El tiempo pasó de una forma extraña. Los niños jugaban subidos a los troncos de los árboles sin supervisión alguna, lanzaban una flecha con un arco y las cabras se movían alrededor nuestra. Cuando Julius sentía que las cabras se marchaban demasiado de la zona, mandaba a Baracka, que tenía cinco años, a reagruparlas de nuevo.
Otros pastores, todos hombres, se unieron a nosotros poco antes de que llegase el festín. Primero llegaron las vísceras (a mí pesar) y, por no quedar mal, comí algo de pulmón, hígado y riñón.
Después llegaron dos patas y dos costillares atravesados en palos de acacia que apoyaron sobre unas ramas con hojas. Juluis comenzó a partir los mejores trozos y los reunió en un bol que nos acercó. A pesar de asegurarnos que la carne no llevaba nada de sal ni otras especias, la cabra estaba especialmente jugosa.
Comimos juntos hasta saciarnos y, lo que me sorprendió más, sólo cuando prometimos que no podíamos seguir comiendo, repartió las sobras entre los niños (a pesar de haber dado a entender varias veces en repartir con el resto).
Finalmente nos llevó hasta el río. Nos acompañó el guerrero de perforaciones en los oídos que bebió la sangre de la cabra como si fuese protegiéndonos. Así nos sentimos al menos.
A la distancia, al otro lado de lo que debería ser el río (porque también estaba totalmente seco) vimos un señor totalmente desnudo que parecía increparnos por algo.
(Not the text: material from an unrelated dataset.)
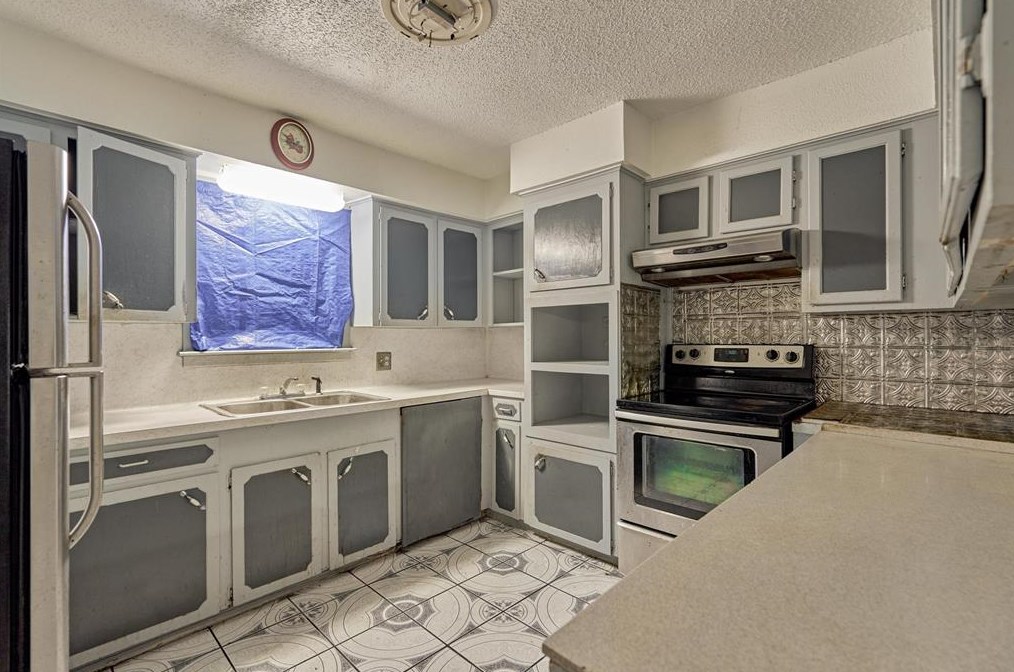 9103 Shl Crk Dr, Houston TX  77064-1617 exterior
Julius, con talante tranquilo, giró hacia otro lado, pero el guerrero parecía alerta. Caminando por lo que en otros días sería un río, llegamos hasta un par de mujeres que, sentadas frente un hoyo cavado en la arena, sacaban agua como por arte de magia y con una taza rellenaban un gran bidón amarillo.
Con mi cantimplora semi vacía, la sed en el cuerpo y el calor en la piel, no pude evitar pensar en qué pasaría en esas tierras cuando llegase la estación seca. Imagino que sobrevivir, como han sabido hacerlo hasta ahora.
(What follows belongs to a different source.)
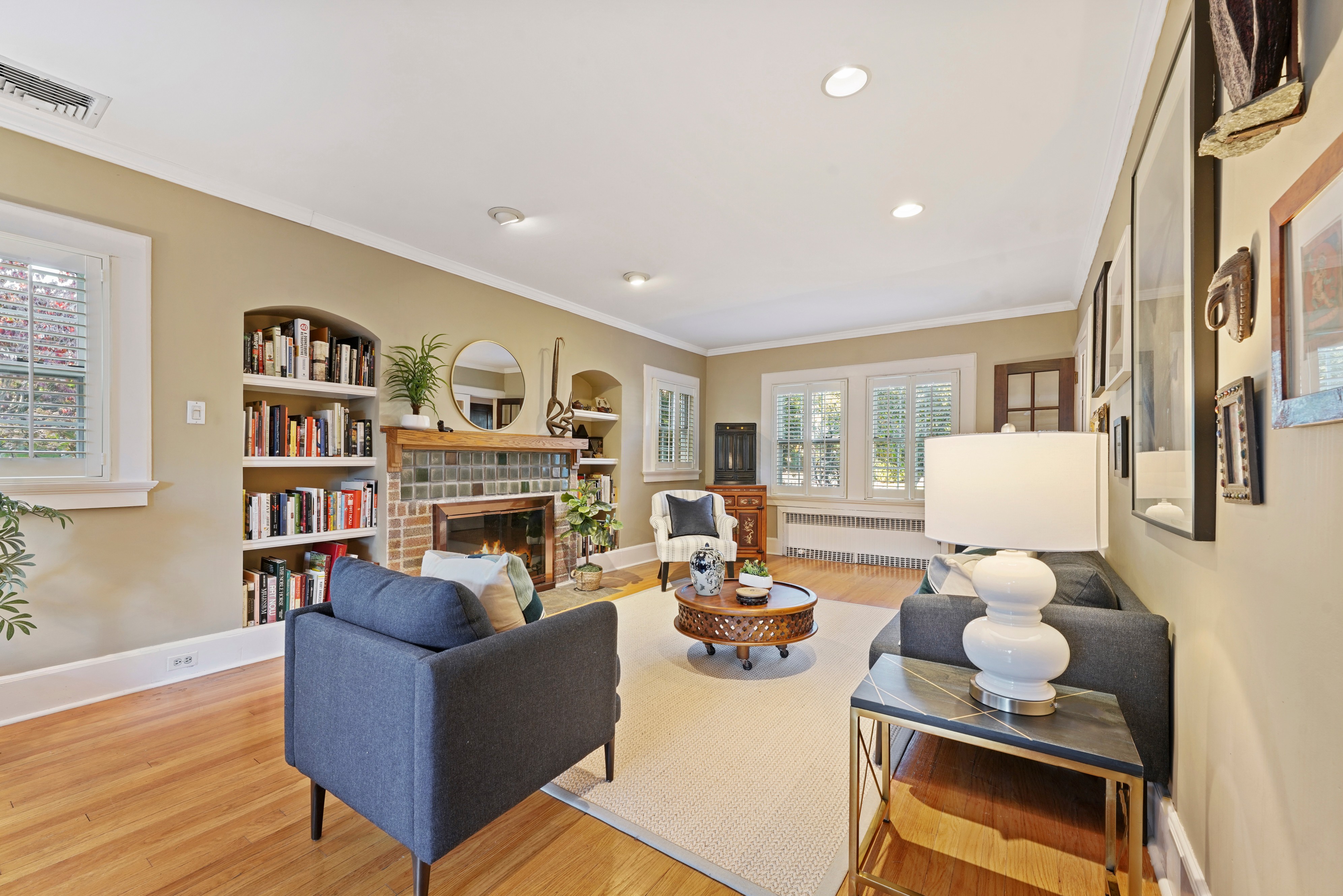 222 Fernwood Ave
Mientras volvíamos caminando, pasó un coche y tras unas palabras de Julius nos montamos en su parte trasera. Volvíamos a Archers Post, con la tripa llena, varios amigos más, una sonrisa y camellos a nuestro lado. Con muchas nuevas preguntas, como siempre que me pasan este tipo de cosas mientras viajo.
INFORMACIÓN ÚTIL PARA VIAJAR A ARCHERS POST
El pueblo parece algo desolado y el calor y los hombres que quieren vivir del turista pueden resultar algo agobiantes. En la mayoría de los casos, por lo menos con nosotros, todos los que rodean la carretera pueden ser muy insistentes y en ocasiones algo agresivos. Te recomendaría alejarte de ellos.
No creo que sea necesario pagar un guía, la gente de la tribu es amable aunque puede ser algo escurridiza. Lo mejor es acercarte a ellos como personas, sin cámara de fotos, con curiosidad, respeto a su intimidad y espacio. Obviamente me gustaría tener muchas fotos que, de esta forma, sólo quedarán en mi memoria y en mis letras. Si quieres tener la foto bonita y la experiencia de la gente bailando, entonces sí, págate un tour. Si tomas fotos, te pedirán dinero, romperás el momento y te verán como una turista y no una viajera.
Para alojarte en Archers Post con bajo presupuesto te recomiendo The Arch. Nada especial, pero por 1000 chelines la habitación (10 dólares) me pareció más tranquilo, seguro y cuidado que los otros que vimos. (Y los guías no nos despertaron a media noche gritando borrachos).
El sábado es día de mercado. Si tienes las suerte o puedes organizarte, te recomiendo totalmente que vayas. La tribu predominante en Archers Post es samburu, pero en días de mercado puedes ver de todo. Es, simplemente, maravilloso.
Y, lo más sorprendente de todo es que, con todos los animales, gente, colores, abalorios y perforaciones, quienes más llamábamos la atención éramos nosotros.